Frame Latency Spikes Plague Radeon Graphics Cards 158
crookedvulture writes "AMD is bundling a stack of the latest games with graphics cards like its Radeon HD 7950. One might expect the Radeon to perform well in those games, and it does. Sort of. The Radeon posts high FPS numbers, the metric commonly used to measure graphics performance. However, it doesn't feel quite as smooth as the competing Nvidia solution, which actually scores lower on the FPS scale. This comparison of the Radeon HD 7950 and GeForce 660 Ti takes a closer look at individual frame latencies to explain why. Turns out the Radeon suffers from frequent, measurable latency spikes that noticeably disrupt the smoothness of animation without lowering the FPS average substantially. This trait spans multiple games, cards, and operating systems, and it's 'raised some alarms' internally at AMD. Looks like Radeons may have problems with smooth frame delivery in new games despite boasting competitive FPS averages."
Frequency scaling (Score:5, Interesting)
The article didn't mention power settings.
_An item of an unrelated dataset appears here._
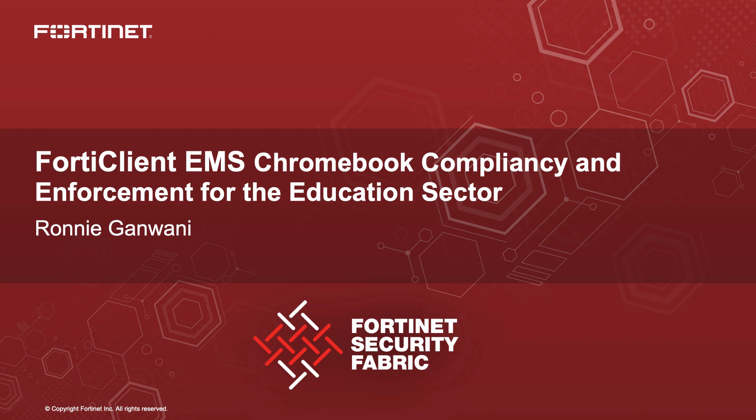In this video, we will showcase FortiClient EMS as an effective solution for Chromebook compliancy and enforcement in the education sector.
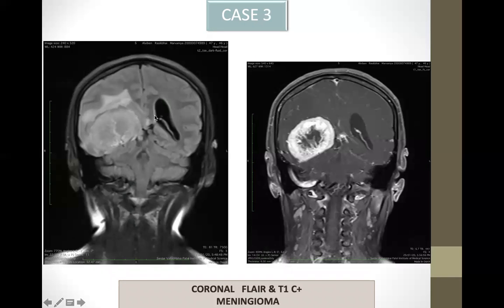This is a non-contrast FLAIR image as well as a post-contrast coronal image of a case of meningioma with internal non-enhancing necrotic areas.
I'm quite skeptical of all the new tech which overclocks on demand and then clocks down when it gets too hot (or too idle). They should definitely try this test with the standard frequency: pinned at the nominal frequency (if there is such a thing at all).
Looks like a sync problem to me... (Score:5, Interesting)
Look at the bottom Skyrim graph in
http://techreport.com/review/24022/does-the-radeon-hd-7950-stumble-in-windows-8/8 [techreport.com]
The slow frames always follow extra-fast ones. Looks like some work is being deferred past a frame boundary?!